My picture

Shai Ben-David


School of Computer Science
Universitys of Waterloo
200 University Avenue West
Waterloo, Ontario, Canada, N2L 3G1

Email: "MyFirstName"
Phone: +1 519 888 4567 ext. 37523
Fax: +1 519 885-1208

The Use of Unlabeled and Weakly labeled Data in Classification Tasks

While most of the modern theory of classification learning predominantly focuses on learning from labeled data, in practice it is often the case that such data is expensive and hard to come by. In such cases, classification prediction algorithms try to utilize training data that is either unlabeled (a.k.a. semi-supervised learning -- SSL), or labeled unreliably.

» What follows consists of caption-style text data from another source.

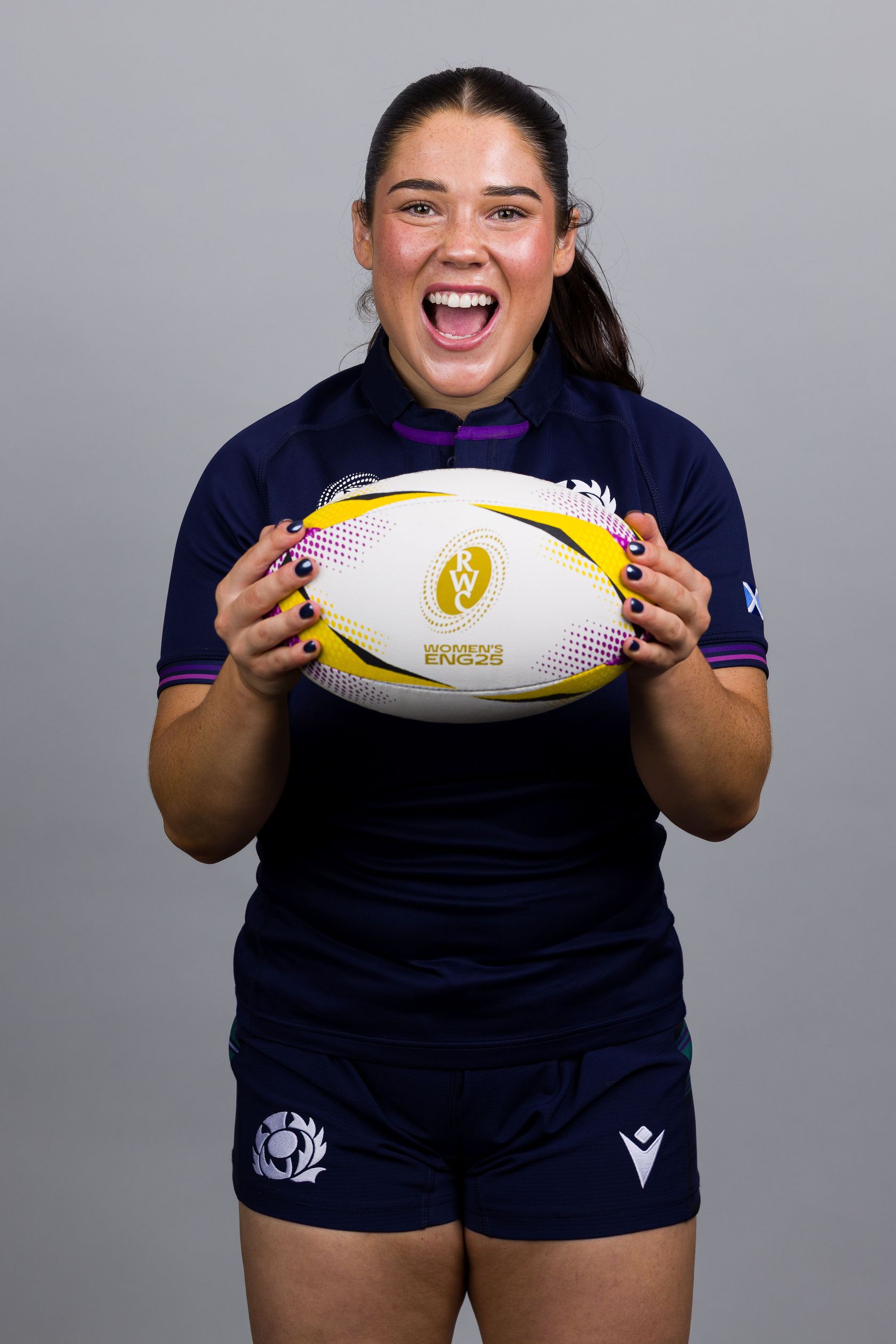Elliann Clarke (Escocia) - RWC Femenina 2025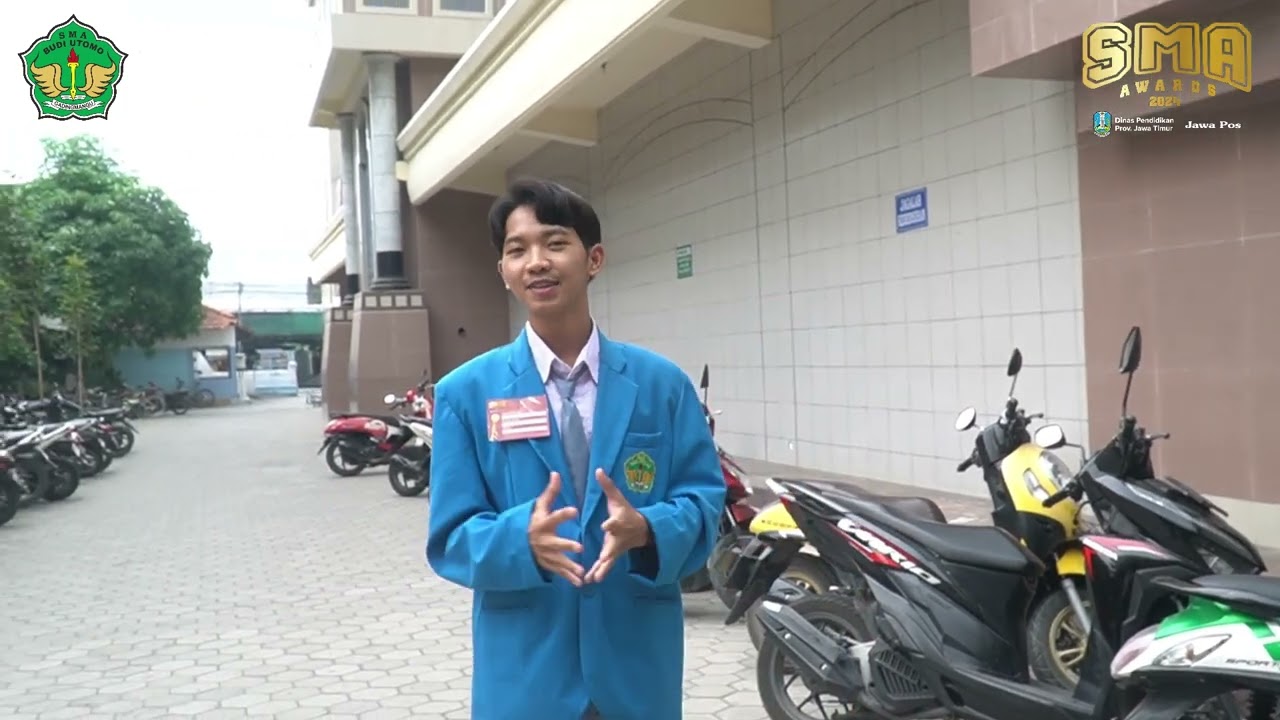Jawa Pos SMA Awards 2024 – Duta Pelajar Putra – SMA Budi Utomo Perak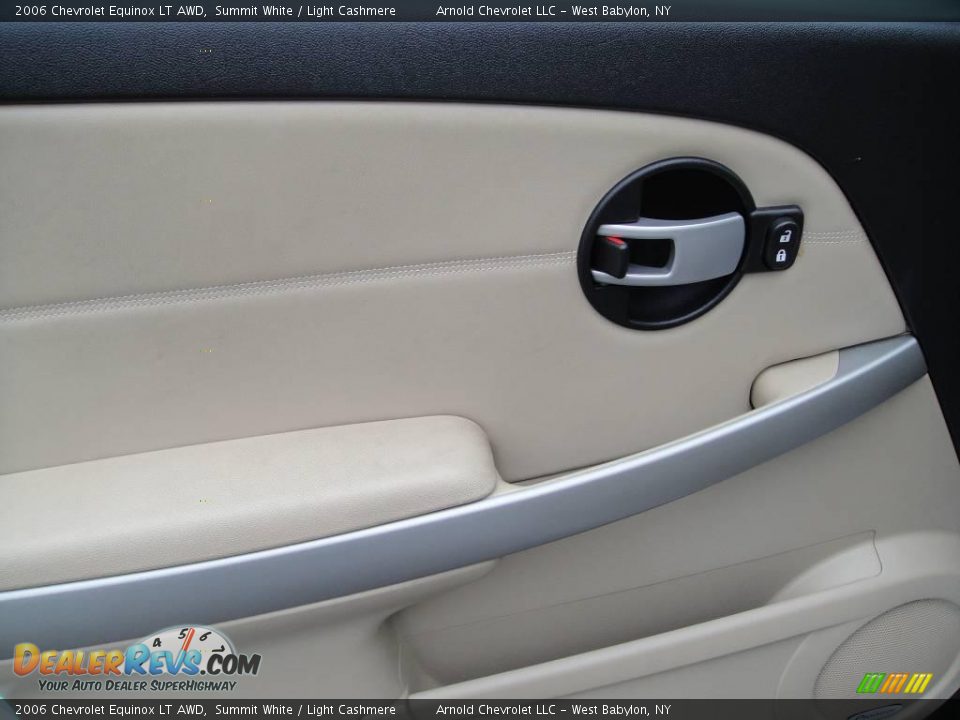 2006 Chevrolet Equinox LT AWD Summit White / Light Cashmere Photo #8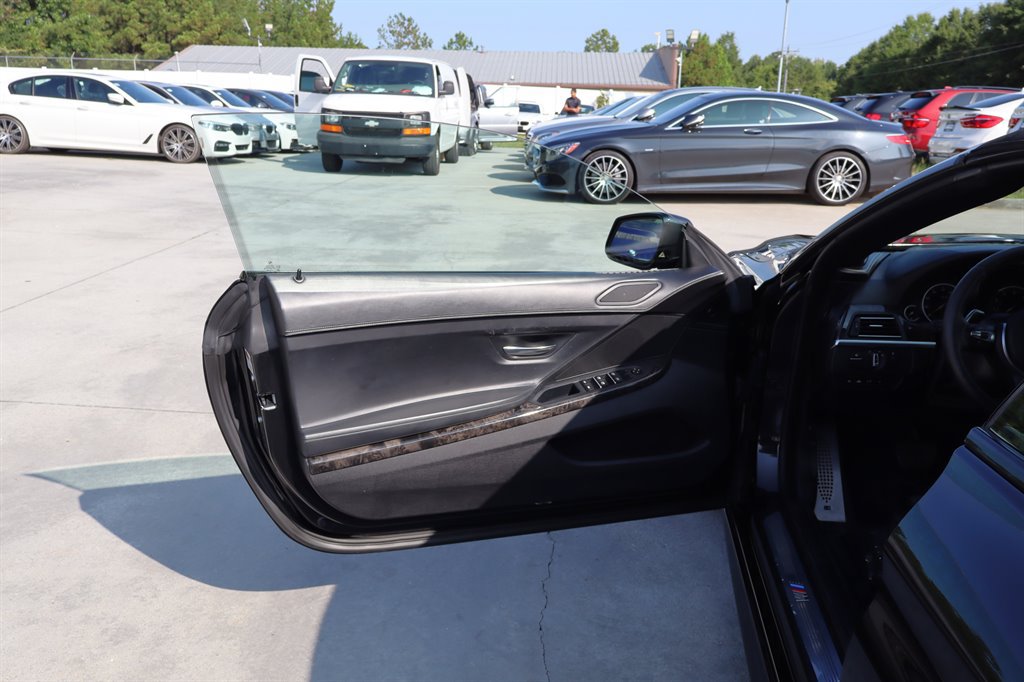 Used 2014 BMW 650i xDrive Convertible AWD/4WD image 38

I have been working on analyzing SSL learning paradigms and the assumptions needed to guarantee their success. Negative results were shown in (COLT2009 with Lu and Pal) and a scenario under which the addition of unlabeled samples is provably beneficial is described in (ICML 2011 with Urner and Shalev-Shwartz).

Another solution to the scarcity of correctly labeled training data is the use of training examples that are labeled by less-than-perfect supervisors. These may include novice advisors or even labels obtained via Internet crowdsourcing (such as Amazon's Mechanical Turk). In (AISTATS 2012) we have initiated theoretical research of such setups.